**TASK ITEM:** Which lines below contain "Jersey"? Pull them out.

**THE DATA:**
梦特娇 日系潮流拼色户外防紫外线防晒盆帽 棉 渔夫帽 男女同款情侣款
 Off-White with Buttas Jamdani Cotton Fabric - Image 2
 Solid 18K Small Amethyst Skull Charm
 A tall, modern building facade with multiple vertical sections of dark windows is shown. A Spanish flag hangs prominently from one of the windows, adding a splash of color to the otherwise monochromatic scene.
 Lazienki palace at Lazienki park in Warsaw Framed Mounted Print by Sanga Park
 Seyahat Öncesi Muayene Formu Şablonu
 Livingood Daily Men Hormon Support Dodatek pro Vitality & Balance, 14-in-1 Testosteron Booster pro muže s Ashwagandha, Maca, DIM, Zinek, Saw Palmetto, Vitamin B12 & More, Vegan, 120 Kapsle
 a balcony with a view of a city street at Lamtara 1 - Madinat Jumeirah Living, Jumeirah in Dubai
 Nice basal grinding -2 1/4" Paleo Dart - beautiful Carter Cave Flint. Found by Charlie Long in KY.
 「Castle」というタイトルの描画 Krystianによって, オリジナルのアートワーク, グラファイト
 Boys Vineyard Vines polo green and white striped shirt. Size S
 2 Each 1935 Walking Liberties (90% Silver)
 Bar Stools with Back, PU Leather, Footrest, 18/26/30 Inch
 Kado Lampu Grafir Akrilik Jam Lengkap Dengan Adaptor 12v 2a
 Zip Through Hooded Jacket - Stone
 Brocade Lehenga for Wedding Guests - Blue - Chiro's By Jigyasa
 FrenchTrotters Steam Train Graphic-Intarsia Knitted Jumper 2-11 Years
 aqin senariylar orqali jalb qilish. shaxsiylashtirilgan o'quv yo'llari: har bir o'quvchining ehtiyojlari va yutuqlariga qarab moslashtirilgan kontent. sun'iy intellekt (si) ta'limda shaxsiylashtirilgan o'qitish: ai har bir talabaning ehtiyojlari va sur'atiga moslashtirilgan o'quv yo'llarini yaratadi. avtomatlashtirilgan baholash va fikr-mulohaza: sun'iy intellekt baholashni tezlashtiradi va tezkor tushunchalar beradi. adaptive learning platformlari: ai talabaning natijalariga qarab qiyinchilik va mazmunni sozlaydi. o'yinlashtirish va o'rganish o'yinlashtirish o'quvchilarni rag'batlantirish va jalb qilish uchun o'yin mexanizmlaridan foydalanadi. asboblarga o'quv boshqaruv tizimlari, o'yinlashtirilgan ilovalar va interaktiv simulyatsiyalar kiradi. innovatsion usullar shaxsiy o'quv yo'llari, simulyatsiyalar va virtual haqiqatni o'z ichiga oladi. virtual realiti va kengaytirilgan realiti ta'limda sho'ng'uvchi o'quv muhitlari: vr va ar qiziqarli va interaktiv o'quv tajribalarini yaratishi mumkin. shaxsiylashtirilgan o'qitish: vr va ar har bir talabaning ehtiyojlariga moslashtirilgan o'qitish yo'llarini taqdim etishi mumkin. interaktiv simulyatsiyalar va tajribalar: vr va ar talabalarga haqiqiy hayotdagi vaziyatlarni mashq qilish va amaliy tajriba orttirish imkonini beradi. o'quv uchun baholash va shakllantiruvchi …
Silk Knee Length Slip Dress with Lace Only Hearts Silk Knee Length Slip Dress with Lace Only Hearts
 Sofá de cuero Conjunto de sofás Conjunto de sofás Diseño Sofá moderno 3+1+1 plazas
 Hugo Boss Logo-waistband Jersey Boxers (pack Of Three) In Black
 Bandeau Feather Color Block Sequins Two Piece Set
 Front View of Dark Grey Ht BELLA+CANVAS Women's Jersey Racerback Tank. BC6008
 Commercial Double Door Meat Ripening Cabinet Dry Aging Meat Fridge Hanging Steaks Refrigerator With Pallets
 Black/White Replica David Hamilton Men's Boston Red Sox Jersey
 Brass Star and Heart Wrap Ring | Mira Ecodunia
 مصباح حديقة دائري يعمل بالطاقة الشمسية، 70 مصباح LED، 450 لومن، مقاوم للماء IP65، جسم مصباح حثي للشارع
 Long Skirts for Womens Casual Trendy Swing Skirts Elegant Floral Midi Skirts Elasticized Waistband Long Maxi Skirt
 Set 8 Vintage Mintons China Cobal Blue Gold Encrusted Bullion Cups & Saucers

**ANSWER SPACE:**
 Hugo Boss Logo-waistband Jersey Boxers (pack Of Three) In Black
 Front View of Dark Grey Ht BELLA+CANVAS Women's Jersey Racerback Tank. BC6008
 Black/White Replica David Hamilton Men's Boston Red Sox Jersey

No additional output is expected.